|Here you can learn more about church finds.||Coin
finds from Norwegian churches represent our most important source of knowledge
about medieval coins and their use. Certain features are characteristic
of the church finds. Coins from the 1000s are rarely seen, the 1100s are
better represented, but most coins were minted between 1200 and 1300. After
1319, Norwegian coins become more scarce; most of them are Swedish and
later Danish and German. From the 1600s and onwards we find smaller quantities
of small-denomination Danish-Norwegian coins.
Church finds represent a different phenomenon to coin hoards. The coins under the church floors have landed there one by one through centuries. Such finds are referred to as "cumulative finds". They are of great importance as they can indicate which coins were in use among common people through the years.
Why do we find hundreds, or even up to several thousand coins under the wooden floors in churches? We can't say for certain, but evidence suggests that most of the coins were simply lost.
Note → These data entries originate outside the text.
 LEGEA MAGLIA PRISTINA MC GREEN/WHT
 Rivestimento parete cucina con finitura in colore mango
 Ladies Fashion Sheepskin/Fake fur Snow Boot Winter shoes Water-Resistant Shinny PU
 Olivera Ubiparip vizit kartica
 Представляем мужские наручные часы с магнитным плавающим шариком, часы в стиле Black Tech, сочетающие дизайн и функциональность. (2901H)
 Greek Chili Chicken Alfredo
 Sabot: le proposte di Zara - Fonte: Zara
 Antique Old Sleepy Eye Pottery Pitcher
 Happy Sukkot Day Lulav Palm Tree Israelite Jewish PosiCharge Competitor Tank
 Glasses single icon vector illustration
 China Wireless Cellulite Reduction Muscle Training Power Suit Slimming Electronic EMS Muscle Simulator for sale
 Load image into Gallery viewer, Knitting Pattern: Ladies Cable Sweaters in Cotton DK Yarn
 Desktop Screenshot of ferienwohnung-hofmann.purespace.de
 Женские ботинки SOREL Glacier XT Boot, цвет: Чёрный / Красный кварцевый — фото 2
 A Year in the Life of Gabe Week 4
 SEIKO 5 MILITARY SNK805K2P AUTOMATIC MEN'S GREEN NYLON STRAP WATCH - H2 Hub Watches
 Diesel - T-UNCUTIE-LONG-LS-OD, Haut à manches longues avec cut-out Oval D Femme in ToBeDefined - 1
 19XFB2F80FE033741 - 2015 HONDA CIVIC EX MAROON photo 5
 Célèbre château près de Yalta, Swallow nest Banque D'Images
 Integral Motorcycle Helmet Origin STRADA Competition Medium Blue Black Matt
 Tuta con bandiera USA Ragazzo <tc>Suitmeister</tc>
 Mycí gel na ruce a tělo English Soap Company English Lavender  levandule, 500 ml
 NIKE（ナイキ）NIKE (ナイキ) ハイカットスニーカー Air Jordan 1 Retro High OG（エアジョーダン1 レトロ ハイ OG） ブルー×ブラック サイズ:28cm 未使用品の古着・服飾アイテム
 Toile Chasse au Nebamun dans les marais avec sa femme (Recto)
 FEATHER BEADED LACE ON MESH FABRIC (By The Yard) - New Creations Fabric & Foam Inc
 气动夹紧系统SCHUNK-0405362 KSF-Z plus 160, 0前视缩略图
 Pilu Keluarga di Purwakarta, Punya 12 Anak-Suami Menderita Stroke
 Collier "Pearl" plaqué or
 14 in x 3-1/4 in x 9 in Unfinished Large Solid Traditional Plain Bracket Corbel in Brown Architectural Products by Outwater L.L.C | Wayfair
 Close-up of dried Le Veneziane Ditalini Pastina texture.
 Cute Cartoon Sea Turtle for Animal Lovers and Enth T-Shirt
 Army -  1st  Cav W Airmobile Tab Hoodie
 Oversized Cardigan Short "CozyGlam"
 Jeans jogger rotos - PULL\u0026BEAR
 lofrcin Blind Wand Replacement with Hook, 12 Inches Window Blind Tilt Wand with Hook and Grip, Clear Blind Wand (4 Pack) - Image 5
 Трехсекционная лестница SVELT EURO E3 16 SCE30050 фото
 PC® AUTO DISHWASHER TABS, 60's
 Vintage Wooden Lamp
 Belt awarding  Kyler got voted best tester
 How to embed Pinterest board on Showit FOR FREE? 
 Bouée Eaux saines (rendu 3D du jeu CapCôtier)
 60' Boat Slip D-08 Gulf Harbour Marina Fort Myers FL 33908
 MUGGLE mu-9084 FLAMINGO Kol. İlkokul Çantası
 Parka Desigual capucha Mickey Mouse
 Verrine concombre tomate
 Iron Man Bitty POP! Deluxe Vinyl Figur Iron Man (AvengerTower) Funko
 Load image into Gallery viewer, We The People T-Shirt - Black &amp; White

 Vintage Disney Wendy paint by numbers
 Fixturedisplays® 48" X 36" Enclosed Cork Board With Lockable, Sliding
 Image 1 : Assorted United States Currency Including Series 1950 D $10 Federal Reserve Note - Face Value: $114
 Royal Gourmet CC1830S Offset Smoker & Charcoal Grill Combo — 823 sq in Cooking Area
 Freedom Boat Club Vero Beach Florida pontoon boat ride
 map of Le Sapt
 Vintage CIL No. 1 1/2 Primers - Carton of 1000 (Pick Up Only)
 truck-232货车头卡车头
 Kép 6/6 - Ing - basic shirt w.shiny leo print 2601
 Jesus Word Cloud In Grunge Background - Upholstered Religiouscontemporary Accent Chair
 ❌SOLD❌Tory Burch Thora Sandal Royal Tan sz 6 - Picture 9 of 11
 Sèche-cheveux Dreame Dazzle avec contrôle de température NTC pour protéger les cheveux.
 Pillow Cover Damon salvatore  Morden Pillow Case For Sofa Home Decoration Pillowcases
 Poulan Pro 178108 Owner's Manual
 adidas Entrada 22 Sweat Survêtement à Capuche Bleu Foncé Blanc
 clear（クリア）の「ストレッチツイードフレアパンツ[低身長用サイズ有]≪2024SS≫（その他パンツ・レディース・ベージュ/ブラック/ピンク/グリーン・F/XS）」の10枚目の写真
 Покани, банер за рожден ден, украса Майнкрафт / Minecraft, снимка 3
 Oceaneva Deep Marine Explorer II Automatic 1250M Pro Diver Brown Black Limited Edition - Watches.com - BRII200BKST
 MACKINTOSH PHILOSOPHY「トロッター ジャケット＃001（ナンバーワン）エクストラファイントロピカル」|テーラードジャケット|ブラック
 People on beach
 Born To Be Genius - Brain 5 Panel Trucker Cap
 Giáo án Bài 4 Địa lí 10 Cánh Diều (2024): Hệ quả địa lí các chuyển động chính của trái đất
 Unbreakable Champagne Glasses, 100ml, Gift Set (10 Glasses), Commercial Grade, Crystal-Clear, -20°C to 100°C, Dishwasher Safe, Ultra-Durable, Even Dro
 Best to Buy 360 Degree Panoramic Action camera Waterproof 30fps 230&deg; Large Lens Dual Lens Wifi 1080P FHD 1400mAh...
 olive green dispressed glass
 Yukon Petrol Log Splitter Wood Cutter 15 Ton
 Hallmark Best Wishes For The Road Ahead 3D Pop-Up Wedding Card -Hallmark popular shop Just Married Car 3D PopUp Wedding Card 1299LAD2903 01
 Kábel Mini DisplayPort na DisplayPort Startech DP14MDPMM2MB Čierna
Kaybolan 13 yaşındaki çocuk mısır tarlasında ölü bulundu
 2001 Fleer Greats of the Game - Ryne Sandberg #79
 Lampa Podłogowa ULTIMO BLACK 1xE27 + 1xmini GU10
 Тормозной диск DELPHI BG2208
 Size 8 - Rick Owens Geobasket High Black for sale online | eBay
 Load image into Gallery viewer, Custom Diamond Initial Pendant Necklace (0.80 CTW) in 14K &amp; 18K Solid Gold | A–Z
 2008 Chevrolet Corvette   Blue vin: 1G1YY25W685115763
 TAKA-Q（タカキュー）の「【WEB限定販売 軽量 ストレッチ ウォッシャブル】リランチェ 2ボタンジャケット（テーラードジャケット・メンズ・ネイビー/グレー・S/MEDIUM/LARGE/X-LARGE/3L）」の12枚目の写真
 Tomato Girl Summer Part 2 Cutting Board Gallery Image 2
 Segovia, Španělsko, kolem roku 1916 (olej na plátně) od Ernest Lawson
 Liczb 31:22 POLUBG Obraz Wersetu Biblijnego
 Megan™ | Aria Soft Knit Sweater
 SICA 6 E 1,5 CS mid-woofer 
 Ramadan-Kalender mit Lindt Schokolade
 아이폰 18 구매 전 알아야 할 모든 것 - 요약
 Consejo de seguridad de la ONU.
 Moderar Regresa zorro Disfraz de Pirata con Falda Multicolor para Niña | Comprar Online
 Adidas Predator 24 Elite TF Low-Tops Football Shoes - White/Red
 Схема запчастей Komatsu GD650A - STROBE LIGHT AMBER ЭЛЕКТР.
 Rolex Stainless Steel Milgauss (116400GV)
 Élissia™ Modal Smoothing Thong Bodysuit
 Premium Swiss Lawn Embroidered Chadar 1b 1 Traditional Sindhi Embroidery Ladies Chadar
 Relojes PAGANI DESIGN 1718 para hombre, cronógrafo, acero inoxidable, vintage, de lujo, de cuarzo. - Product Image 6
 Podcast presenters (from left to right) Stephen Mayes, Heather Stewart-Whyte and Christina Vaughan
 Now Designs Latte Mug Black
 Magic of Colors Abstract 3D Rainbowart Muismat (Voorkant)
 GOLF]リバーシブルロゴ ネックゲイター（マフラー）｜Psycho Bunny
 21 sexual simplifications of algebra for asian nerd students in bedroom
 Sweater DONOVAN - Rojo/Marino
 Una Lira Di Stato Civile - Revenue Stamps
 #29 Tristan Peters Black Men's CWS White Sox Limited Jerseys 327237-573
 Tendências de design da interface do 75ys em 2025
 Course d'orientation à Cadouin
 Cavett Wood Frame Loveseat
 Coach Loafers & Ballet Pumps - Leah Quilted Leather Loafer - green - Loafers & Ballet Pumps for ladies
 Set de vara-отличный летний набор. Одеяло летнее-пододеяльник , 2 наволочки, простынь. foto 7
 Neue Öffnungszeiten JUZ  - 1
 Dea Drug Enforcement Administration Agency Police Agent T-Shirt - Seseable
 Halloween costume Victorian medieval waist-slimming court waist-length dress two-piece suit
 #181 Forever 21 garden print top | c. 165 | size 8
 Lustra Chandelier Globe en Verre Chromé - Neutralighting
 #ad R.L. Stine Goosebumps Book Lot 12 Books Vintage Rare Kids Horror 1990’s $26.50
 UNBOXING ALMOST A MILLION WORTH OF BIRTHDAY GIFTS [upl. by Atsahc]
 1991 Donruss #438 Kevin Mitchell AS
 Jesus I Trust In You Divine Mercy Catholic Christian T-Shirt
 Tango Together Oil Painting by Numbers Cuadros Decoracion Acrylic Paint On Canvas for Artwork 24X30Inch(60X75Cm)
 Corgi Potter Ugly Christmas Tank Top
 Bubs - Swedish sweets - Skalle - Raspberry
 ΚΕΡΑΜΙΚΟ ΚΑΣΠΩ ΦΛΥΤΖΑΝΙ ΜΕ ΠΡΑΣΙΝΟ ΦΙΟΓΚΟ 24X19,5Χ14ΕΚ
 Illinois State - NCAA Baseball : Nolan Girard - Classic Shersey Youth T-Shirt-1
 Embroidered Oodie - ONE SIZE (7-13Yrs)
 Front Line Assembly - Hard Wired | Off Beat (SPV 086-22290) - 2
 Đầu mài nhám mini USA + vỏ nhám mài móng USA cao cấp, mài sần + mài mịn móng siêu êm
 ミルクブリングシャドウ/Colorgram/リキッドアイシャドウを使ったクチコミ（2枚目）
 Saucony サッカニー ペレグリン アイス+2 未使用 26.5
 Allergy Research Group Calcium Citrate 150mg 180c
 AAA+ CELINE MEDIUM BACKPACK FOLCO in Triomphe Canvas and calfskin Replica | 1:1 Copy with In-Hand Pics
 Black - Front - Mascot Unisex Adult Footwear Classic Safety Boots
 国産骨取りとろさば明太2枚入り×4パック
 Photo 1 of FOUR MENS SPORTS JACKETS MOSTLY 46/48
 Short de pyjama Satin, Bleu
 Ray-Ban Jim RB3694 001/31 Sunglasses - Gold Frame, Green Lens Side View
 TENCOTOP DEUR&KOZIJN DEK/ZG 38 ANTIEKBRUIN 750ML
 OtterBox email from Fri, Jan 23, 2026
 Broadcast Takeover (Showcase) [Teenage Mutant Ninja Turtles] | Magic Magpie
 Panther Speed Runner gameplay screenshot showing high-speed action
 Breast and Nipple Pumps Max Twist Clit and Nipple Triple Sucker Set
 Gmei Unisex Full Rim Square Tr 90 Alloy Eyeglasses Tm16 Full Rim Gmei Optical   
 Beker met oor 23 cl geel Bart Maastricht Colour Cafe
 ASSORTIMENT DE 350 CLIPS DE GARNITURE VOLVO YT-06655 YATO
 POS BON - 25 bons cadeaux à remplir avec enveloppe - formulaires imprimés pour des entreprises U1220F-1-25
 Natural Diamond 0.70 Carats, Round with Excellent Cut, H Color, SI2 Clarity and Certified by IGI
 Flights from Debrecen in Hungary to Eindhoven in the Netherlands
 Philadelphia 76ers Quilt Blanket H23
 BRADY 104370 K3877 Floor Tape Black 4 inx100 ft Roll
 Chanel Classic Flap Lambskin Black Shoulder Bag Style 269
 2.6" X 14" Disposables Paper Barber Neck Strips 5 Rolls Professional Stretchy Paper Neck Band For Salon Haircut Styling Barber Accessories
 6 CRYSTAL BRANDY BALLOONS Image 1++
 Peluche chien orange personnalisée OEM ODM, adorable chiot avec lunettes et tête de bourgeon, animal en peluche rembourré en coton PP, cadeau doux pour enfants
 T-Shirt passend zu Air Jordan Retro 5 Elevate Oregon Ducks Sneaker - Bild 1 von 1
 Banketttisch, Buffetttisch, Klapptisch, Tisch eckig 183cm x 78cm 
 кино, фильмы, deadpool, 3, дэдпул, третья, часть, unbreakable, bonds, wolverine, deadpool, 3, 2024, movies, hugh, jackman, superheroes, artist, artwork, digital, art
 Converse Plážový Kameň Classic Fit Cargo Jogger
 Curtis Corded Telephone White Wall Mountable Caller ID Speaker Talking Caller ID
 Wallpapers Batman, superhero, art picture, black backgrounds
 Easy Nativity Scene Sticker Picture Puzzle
Practically all the coins in the church finds are small and so lightweight that the sound of them falling to the floor in an old church would not have been audible. The cracks between the rough floorboards were more than sufficiently wide for the coins to roll into before dropping through the floor. Coins may have been intentionally offered at times, but there is little reason to believe that this was a regular tradition in the Middle Ages.
Church finds tell us that there was a significant circulation of coins in Norway in the Middle Ages and they tell us which coins the common, rural people were using. We are also given a picture of where Norway got its coins after the local production of coins was brought to an end in the 1300s.
The archaeological excavation of the nave in Ringebu Stave
Church uncovered coins and other objects from approximately 1180 and up
to the present. The entire floor of the old stave church was removed. The
coins were spread out under the whole floor, but certain accumulations
were found at the entrance to the quire and along the southern row of pillars.